The question is, is it worth the journey? My feeling is, not really.
Jane Rosenthal reviews Blood on the Path: A Saga of the Founding of South Africa 100 Years Ago by Harvey Tyson (Springbok Press)
At times this entertaining and interesting novel is as lurid as its title suggests — but who can deny that blood has been shed. It covers a great deal of mostly forgotten historical detail, spanning the 50 years from 1880 to 1930. The fictional thread is woven into the historical ground, rather than vice versa, and sometimes seems a little contrived, but if it encourages people to read and enjoy broadening their understanding, then this can only be a “good thing”.
This novel is full of colour and drama. It is dedicated to that esteemed historian (and expert on JX Merriman), Phyllis Lewsen, and Tyson acknowledges the considerable contribution made by the late Guy Willoughby, who “refined the historical accuracy of this tale by applying an admirable mix of erudition, talent and editorial brutality”.

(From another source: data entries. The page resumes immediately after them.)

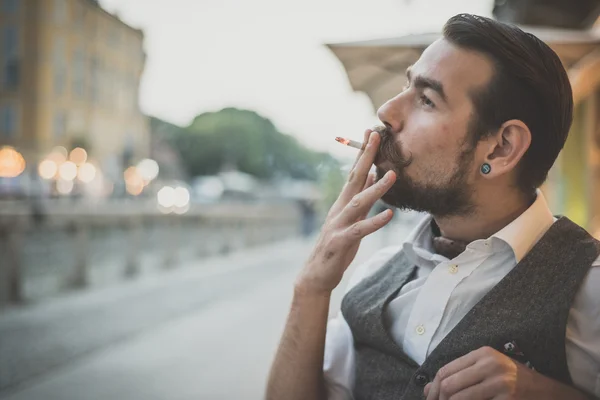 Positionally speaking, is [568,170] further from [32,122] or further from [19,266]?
[32,122]

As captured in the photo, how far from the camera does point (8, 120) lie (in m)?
25.5

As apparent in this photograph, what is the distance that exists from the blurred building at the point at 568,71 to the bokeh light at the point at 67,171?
2392 centimetres

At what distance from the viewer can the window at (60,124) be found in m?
27.8

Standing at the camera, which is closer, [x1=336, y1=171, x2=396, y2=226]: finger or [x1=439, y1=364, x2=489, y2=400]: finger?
[x1=439, y1=364, x2=489, y2=400]: finger

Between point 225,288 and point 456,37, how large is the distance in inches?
306

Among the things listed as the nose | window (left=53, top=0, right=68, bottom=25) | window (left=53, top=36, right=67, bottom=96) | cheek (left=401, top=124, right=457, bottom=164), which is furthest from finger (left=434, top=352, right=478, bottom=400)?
window (left=53, top=36, right=67, bottom=96)

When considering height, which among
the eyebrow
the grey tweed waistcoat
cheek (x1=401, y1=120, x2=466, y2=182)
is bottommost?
the grey tweed waistcoat

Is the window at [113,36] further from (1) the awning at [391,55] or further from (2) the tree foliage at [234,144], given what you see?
(2) the tree foliage at [234,144]

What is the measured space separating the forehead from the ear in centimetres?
13

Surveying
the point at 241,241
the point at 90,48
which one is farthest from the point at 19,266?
the point at 90,48

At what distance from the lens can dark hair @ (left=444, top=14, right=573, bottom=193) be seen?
1.40 meters

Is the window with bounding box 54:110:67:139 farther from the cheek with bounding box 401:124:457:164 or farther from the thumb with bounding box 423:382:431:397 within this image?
the thumb with bounding box 423:382:431:397

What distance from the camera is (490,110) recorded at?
4.75ft

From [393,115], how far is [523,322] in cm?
62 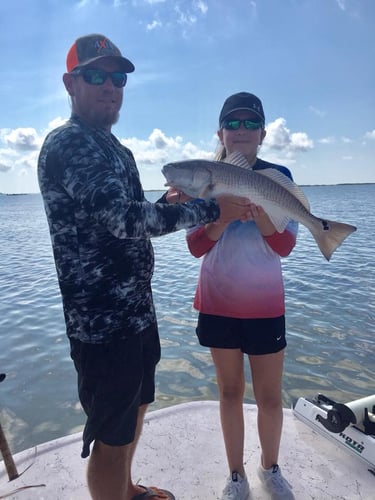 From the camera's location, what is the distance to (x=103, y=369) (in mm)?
2727

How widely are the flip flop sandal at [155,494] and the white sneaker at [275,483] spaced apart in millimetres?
849

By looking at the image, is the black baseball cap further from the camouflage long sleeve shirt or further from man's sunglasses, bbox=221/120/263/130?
the camouflage long sleeve shirt

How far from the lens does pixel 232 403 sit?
3.64m

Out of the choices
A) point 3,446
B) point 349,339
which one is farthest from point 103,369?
point 349,339

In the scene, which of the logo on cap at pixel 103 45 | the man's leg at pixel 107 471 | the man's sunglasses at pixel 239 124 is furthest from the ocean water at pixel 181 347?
the logo on cap at pixel 103 45

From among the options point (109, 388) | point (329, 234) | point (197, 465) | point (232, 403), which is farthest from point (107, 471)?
point (329, 234)

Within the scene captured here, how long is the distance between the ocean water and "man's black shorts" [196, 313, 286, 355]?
3989 mm

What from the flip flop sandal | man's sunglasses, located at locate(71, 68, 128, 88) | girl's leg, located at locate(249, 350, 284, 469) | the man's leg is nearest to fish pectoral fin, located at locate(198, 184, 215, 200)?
man's sunglasses, located at locate(71, 68, 128, 88)

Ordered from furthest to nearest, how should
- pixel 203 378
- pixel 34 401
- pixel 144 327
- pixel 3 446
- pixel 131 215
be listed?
pixel 203 378
pixel 34 401
pixel 3 446
pixel 144 327
pixel 131 215

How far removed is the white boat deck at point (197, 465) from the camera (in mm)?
3621

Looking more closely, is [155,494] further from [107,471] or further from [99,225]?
[99,225]

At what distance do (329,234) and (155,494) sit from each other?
277 centimetres

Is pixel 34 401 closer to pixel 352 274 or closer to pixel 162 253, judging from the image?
pixel 352 274

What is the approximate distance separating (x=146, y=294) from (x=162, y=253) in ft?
63.1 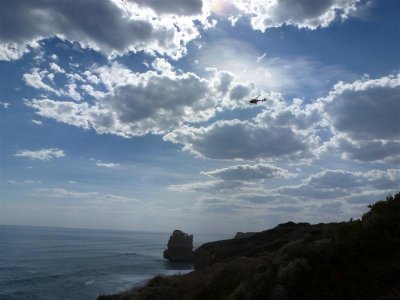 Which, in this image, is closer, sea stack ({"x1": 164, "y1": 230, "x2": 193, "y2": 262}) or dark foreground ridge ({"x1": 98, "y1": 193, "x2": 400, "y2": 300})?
dark foreground ridge ({"x1": 98, "y1": 193, "x2": 400, "y2": 300})

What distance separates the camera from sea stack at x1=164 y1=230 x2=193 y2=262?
451 ft

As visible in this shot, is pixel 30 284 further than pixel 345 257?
Yes

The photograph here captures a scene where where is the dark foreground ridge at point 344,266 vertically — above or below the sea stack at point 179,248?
above

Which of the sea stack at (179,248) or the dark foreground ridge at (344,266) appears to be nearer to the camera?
the dark foreground ridge at (344,266)

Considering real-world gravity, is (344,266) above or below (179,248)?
above

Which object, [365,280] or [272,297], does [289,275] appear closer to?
[272,297]

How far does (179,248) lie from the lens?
139125 mm

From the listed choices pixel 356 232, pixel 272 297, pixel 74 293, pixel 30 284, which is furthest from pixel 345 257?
pixel 30 284

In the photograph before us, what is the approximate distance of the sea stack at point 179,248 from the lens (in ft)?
451

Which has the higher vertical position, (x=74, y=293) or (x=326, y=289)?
(x=326, y=289)

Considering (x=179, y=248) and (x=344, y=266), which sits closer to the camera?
(x=344, y=266)

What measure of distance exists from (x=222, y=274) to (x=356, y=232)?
11.2 meters

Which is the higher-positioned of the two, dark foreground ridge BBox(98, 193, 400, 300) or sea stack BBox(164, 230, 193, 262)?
dark foreground ridge BBox(98, 193, 400, 300)

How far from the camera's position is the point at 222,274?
24.5m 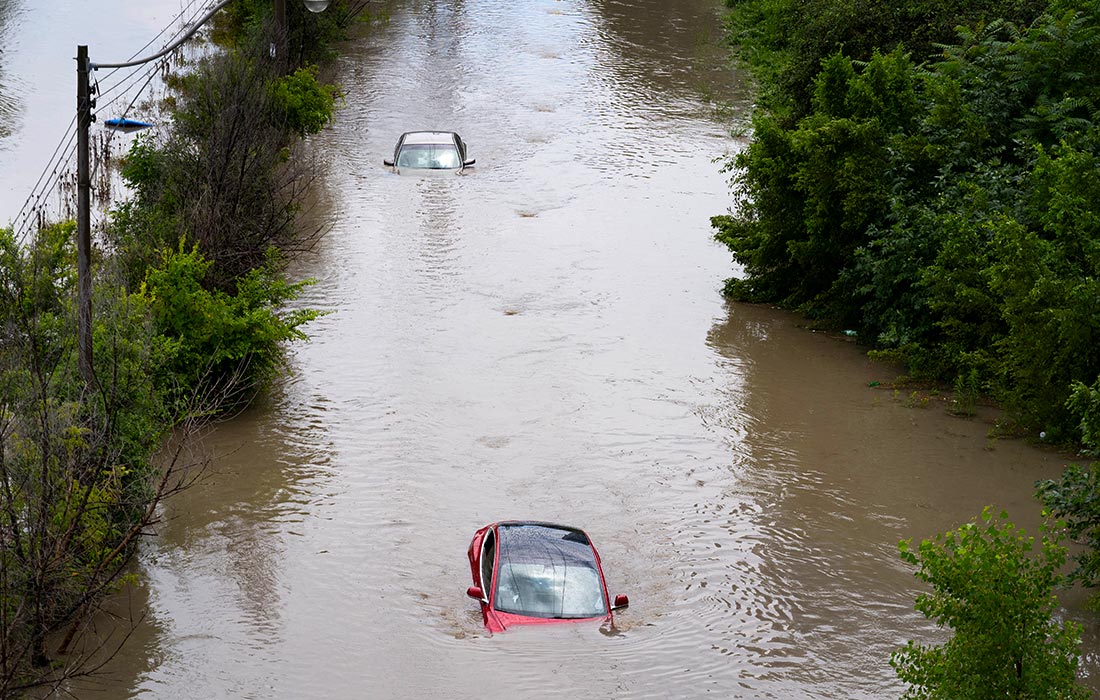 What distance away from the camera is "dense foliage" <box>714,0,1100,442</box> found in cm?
1903

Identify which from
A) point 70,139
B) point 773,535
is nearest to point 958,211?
point 773,535

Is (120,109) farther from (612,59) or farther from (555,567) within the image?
(555,567)

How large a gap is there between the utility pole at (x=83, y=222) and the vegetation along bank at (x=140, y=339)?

This is excerpted from Willoughby’s foreword:
“No: the past is just an ideological battle-ground for those quarrelling in the present, like other spheres of public life these days. As our rainbow-nation myth fades, giving way to an uglier bickering reality, so the notion of a shared past has frayed too. Harvey Tyson puts our history where it should be — front and centre of our consciousness, front and centre of the idea of a shared South African reality.
“Unless we recognise where we come from, in all its squalor as well as its glory, it will be harder and harder to imagine ourselves to be one people. It is Harvey’s gift to make that imaginative effort worthwhile, by locating its origins in the tangled events of the days before yesterday.”
Barbara Ludman reviews The Solitude of Prime Numbers by Paolo Giordano (Doubleday)
The Solitude of Prime Numbers has won Giordano, a particle physicist, Italy’s prestigious Premio Strega award, and no wonder.
Beautifully written, the book follows its protagonists, Alice Della Rocca and Mattia Balossino, each devastated by a childhood tragedy and isolated in their misery, to their discovery that each is not the only damaged soul in creation and to their attempts to reach out to one another.
Alice is the daughter of an overachieving father who forces her to learn to ski; it is on the slopes that her humiliating, life-changing accident happens. Mattia’s parents make him responsible for the welfare and happiness of his deeply retarded twin sister and, when she disappears, he closes off the rest of the world, seeking sense and solace in mathematics.
They meet as teenagers, manage friendship, and are making halting, painfully difficult progress towards a deeper relationship when Mattia wins a mathematics posting that will take him away from Alice and, perhaps, from redemption for both of them.
Using the metaphor of the prime number — divisible only by one or by itself — as the title of the novel was the suggestion of Giordano’s editor. It was based on Mattia’s view of primes (“suspicious and solitary”) and the rare twin primes, “pairs of prime numbers that are close to one another, almost neighbours, but between them there is always an even number that prevents them from really touching.
“You encounter increasingly isolated primes, lost in that silent, measured space made only of numbers, and you become aware of the distressing sense that the pairs encountered up until that point were an accidental fact, that their true fate is to remain alone.”